Example: Old West gunslinger Deadeye Crane finds himself confronting the self-named El Paso Kid, son of a man Deadeye killed many years ago. Deadeye doesn't want to kill the Kid, so instead tries to Intimidate him with a display of marksmanship. He points to a distant apple tree, draws his pistol and shoots away the stems of two apples. The GM decides that Gun skill is used for both attack and defense skill. Deadeye has Legendary skill (that's why they call him Deadeye) and Great Confidence, for an ODF of +2. The Kid has Good Gun skill, Good Confidence and Fair Ego. Since his Confidence is higher than his Ego, the Kid uses his Confidence for a DDF of +1. Deadeye's RDF is +1. Deadeye rolls a +1, giving him a result of Legendary+1. The Kid rolls 0, for a result of Good. Deadeye's degree of success is 4, +1 for his RDF, gives a result of +5 or Very Hurt. The Kid is badly shaken by Deadeye's display and will be at -2 in any combat.


An effort to Persuade involves coming up with a logical, pseudo-logical, or otherwise cunning argument to convince the target to provide information or follow a certain course of action.
Skill: Diplomacy and Fast Talk are both appropriate. Other Skills may be used depending on the player's imagination and gamemaster's discretion.
ODF: Wit
DDF: Wit. However, if the attempt to Persuade goes against the character's principles, use the best of Ego or Wit.

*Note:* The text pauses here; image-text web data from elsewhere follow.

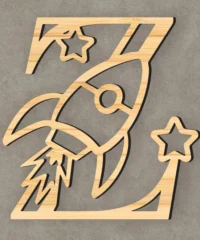 Alphabet Z Rocket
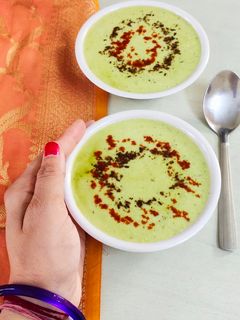 पालक रायता (palak raita recipe in Hindi) रेसिपी मुख्य फोटो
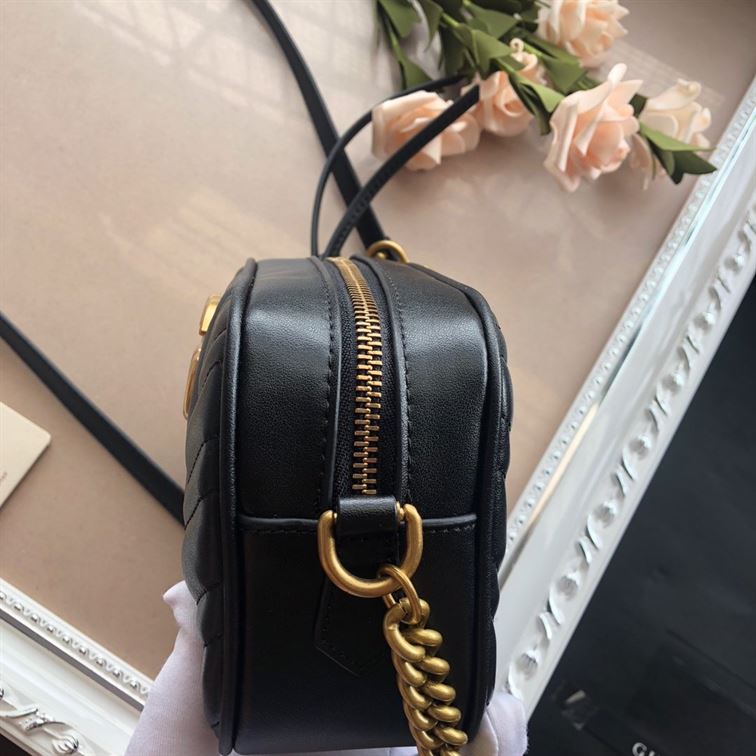 GG Marmont mini shoulder bag Black - Image 11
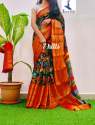 Soft Cotton Silk Jacuar print Saree by Srinika thumb 7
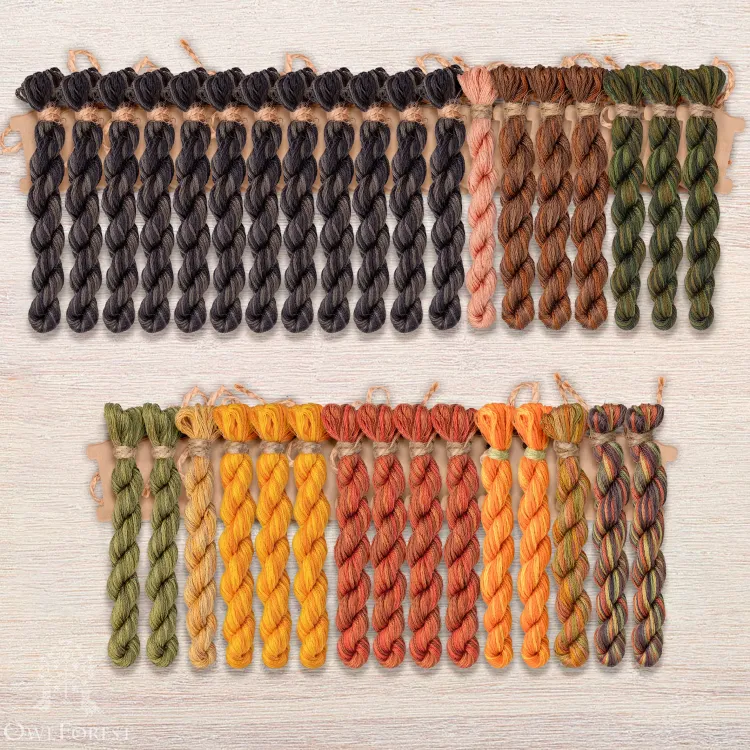 Набор ниток OwlForest для схемы «Азбука осенней ночи» Рус. (DMC)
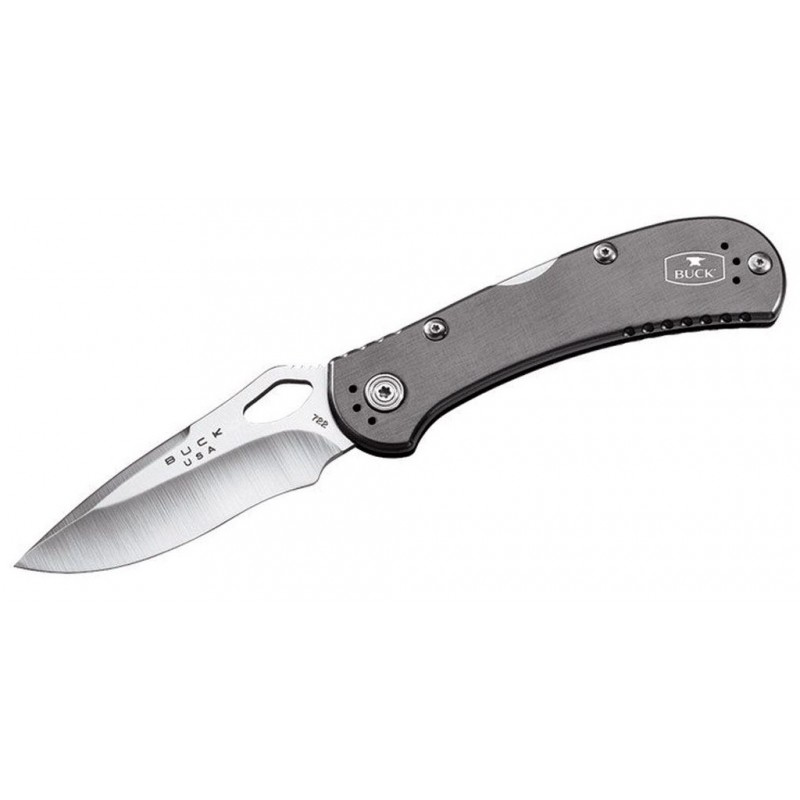 Buck 722 Spitfire Grey, Taschenmessermesser.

Scratch - Target is willing to cooperate, if it's something he's likely to do anyway
Hurt - Target will cooperate with suggestions that involve no significant costs or risks, or actions he wouldn't mind doing.
Very Hurt - Target will cooperate with suggestions that may put him at minor risk, involve minor cost, or that he would normally be opposed to doing.

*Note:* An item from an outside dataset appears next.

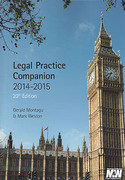 Cover of Legal Practice Companion 2014 - 2015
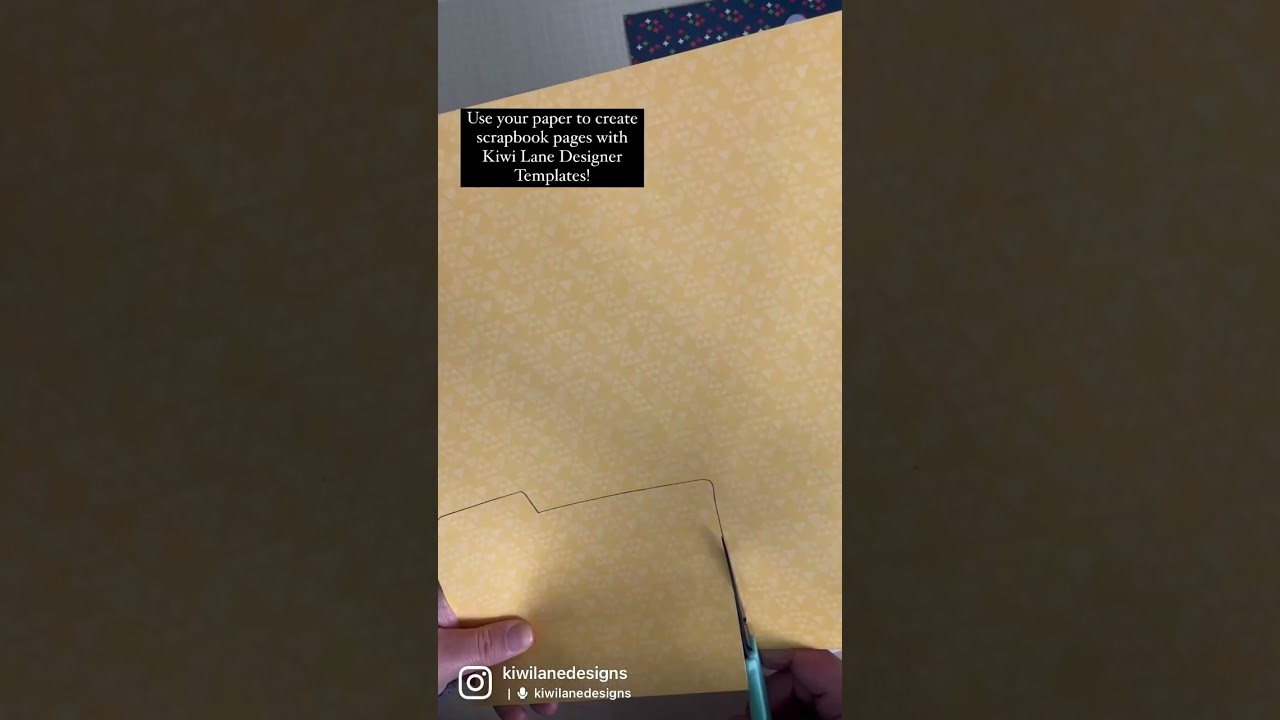 Use your paper to create scrapbook layouts!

Incapacitated - Target will cooperate with suggestions that may put him at major risk or involve major cost, or that he is strongly opposed to doing.
Near Death - Target is completely bamboozled and will cooperate with truly ludicrous suggestions.

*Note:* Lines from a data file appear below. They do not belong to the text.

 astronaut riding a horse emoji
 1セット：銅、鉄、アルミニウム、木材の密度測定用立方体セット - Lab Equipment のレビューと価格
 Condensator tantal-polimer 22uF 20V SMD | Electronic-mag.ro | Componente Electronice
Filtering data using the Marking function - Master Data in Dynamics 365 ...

Example: Ragnar the Reckless is trying to talk a town watchman into letting him go after he was caught out after the city curfew. Ragnar hints that he is willing to pay a bribe to get out of trouble. The gamemaster decides this makes the suggestion one that the watchman is inclined to follow, and so Ragnar only needs a Scratch result. Ragnar has Fair Fast Talk and Great Wit. The Watchman has Fair Guile (used to resist Fast Talk) and Fair Wit. Ragnar gets a +1 and the watchman rolls a -1, giving Ragnar a result of Very Hurt. Ragnar gets away with breaking curfew, at a reasonable price.

Repeated Effort and Complementary Techniques

A player may attempt the same technique on the same target, but at a cumulative -1 per effort. Alternately, a player may follow up one technique with a different one. If the first technique is successful, the player might get a bonus to the second technique as follows:
Scratch: +1
Hurt: +2
Very Hurt: +3
Incapacitated: +4
Near Death: +5
For example, if a player gets a Hurt result using Charm, he may follow it with an attempt to Persuade at +2. In the example above from Impress, if Joe had gotten a Scratch result he would have been at +1 to Charm Jane. It is up to the gamemaster to decide whether a given technique is complementary. On the other hand, a failed attempt gives a -1 penalty to a complementary technique. With these rules, social combat can be as detailed as physical combat. Why let the sword swingers and gunmen get all the screen time? This system certainly isn't necessary for Fudge, but can add a lot of detail for diplomats and con artists.